# Inhalt einer JTable kopieren? (GlazedLists)



## sirbender (4. Mai 2009)

Ich ich benutzte GlazedLists - aber was am Ende rauskommt, ist eigentlich eine normale JTable soweit ich das ueberblicken kann.

Ich wuerde gerne erlauben, dass man Rows/Columns slektieren kann unc per Ctrl+C deren Inhalt in die Zwischenablage (jede Zelle per toString zu einem String. Zellen durch Kommas oder Tabs getrennt) kopieren kann.


----------



## Ebenius (5. Mai 2009)

_GlazedLists_ sagt mir nix. Bei einer JTable kann man bestimmen, wie selektiert werden darf: 
JTable.setRowSelectionAllowed(boolean)
JTable.setColumnSelectionAllowed(boolean)
JTable.setSelectionMode(int)
Copy (CTRL+C) gibt's standardgemäß in der JTable.
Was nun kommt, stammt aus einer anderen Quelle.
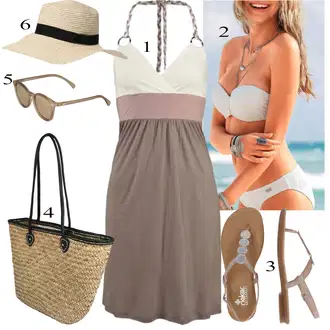 Outfit s Bílá/Béžová/Khaki Balconette/Women's Lingerie & Swimwear/S Kosticemi/Balconette-bikini/Bandeau Bikin/Push-up bikini Buffalo "Letní Outfit"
Darum kümmert sich das BasicTableUI. Wenn Dir das Standardverhalten nicht gefällt, schau Dir mal das Sun Java™ Tutorial: Drag and Drop and Data Transfer genauer an.

Ebenius


----------



## André Uhres (5. Mai 2009)

Java Tip 77: Enable copy and paste functionality between Swing's JTables and Excel - JavaWorld


----------